* _Directions for this task_: Every line below from the one containing "G & F Products" through the one containing "Rundförmiger Samt Mermaid Patch" must be transcribed exactly. Omit all lines outside that stretch.

* _Material for this task_:

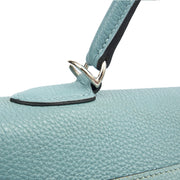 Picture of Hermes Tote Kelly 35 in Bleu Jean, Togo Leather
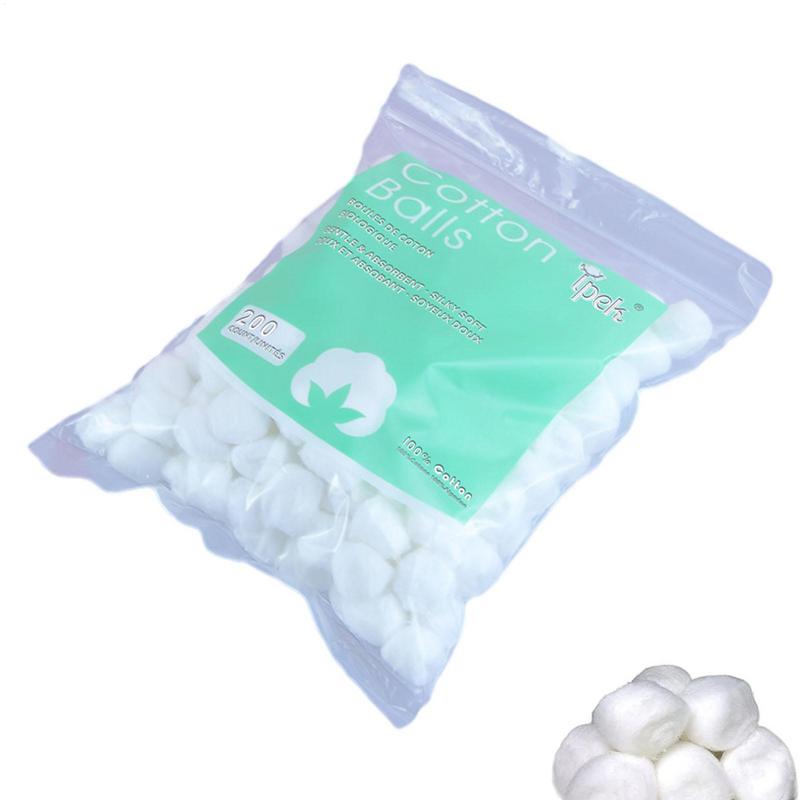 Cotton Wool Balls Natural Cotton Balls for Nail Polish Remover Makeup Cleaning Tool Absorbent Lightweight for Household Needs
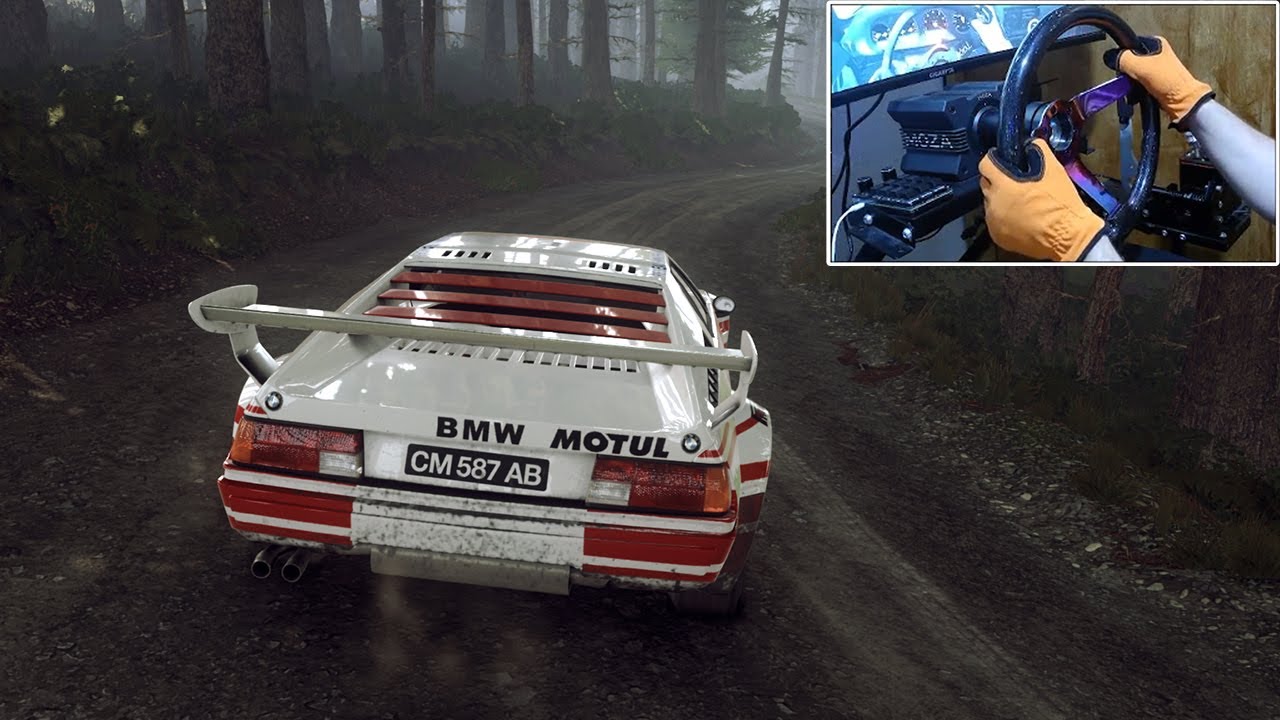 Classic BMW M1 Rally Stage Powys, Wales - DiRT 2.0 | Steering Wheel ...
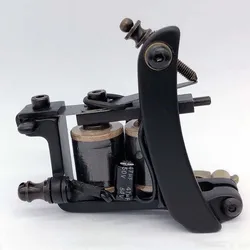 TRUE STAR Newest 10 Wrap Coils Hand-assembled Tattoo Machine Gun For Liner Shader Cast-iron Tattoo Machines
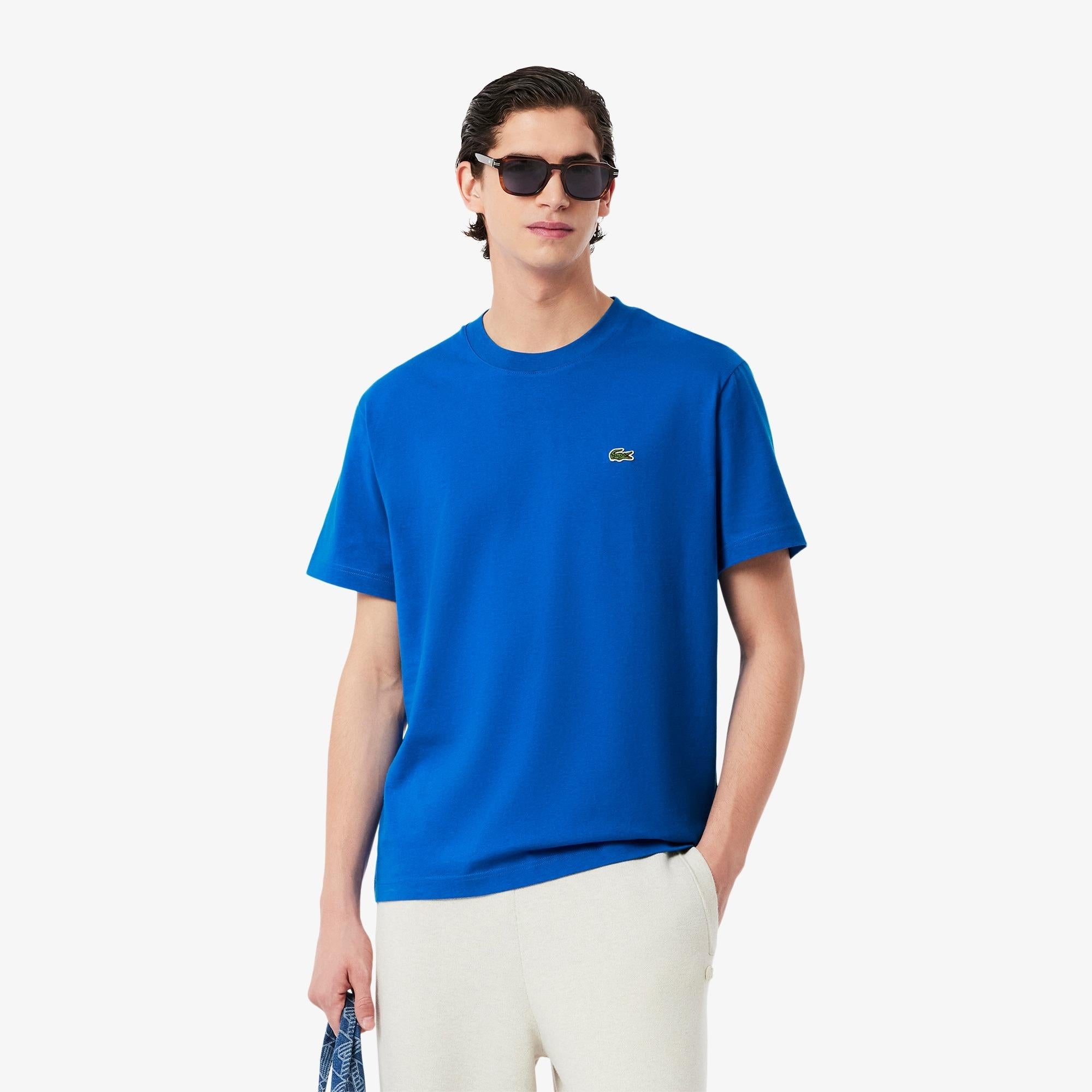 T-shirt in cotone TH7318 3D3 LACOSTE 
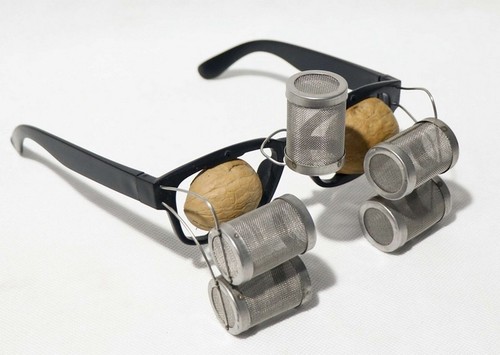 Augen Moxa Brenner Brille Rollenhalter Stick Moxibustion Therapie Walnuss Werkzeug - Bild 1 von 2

* * *

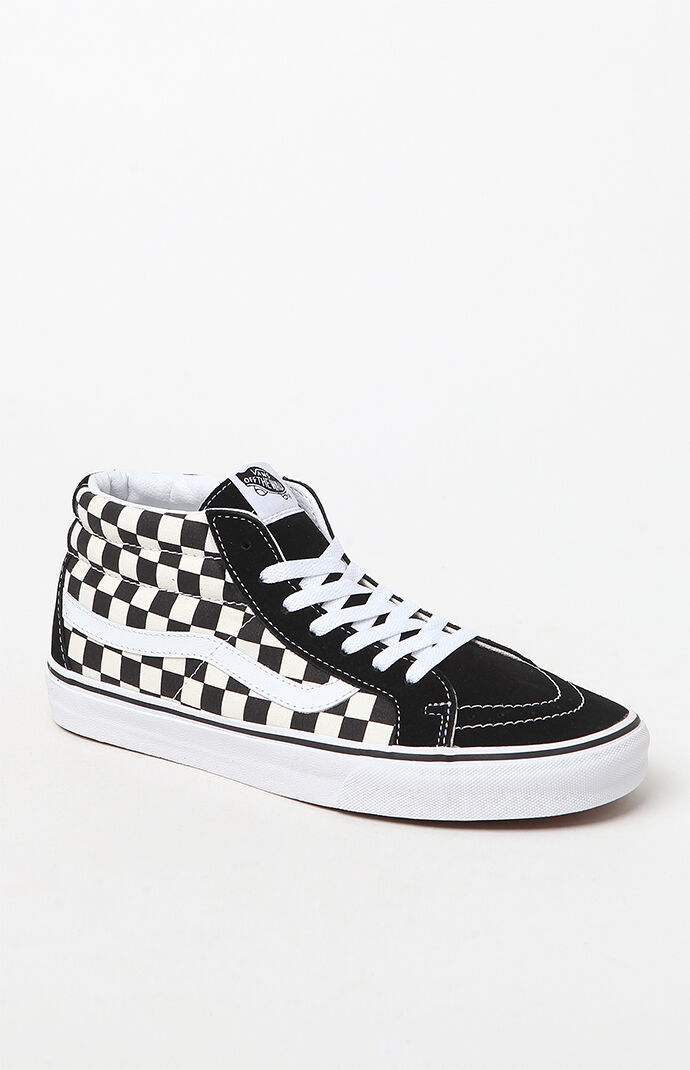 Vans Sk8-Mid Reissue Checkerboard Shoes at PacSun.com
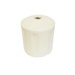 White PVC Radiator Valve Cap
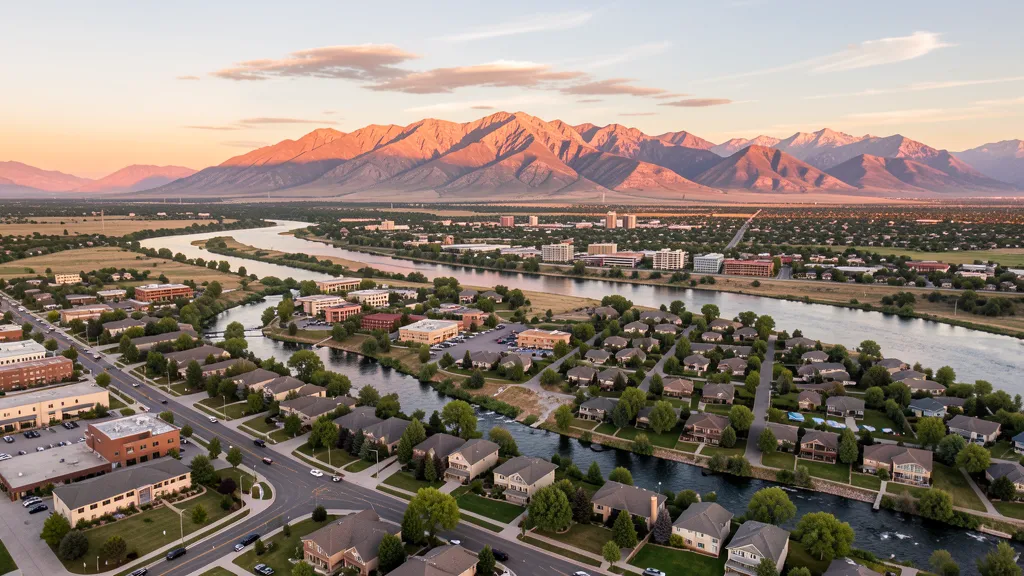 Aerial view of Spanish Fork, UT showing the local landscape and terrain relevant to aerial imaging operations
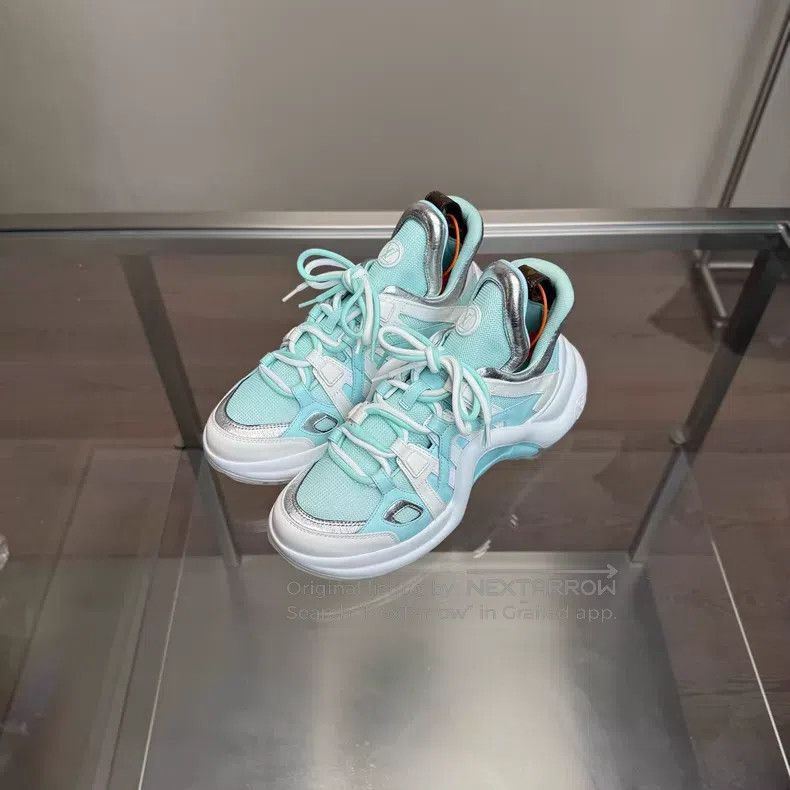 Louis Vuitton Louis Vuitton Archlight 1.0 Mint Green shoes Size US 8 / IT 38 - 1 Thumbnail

--

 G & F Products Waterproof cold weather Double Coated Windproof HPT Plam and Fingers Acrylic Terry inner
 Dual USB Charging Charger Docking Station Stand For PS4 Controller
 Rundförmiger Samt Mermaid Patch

* _Written reply_:
 G & F Products Waterproof cold weather Double Coated Windproof HPT Plam and Fingers Acrylic Terry inner
 Dual USB Charging Charger Docking Station Stand For PS4 Controller
 Rundförmiger Samt Mermaid Patch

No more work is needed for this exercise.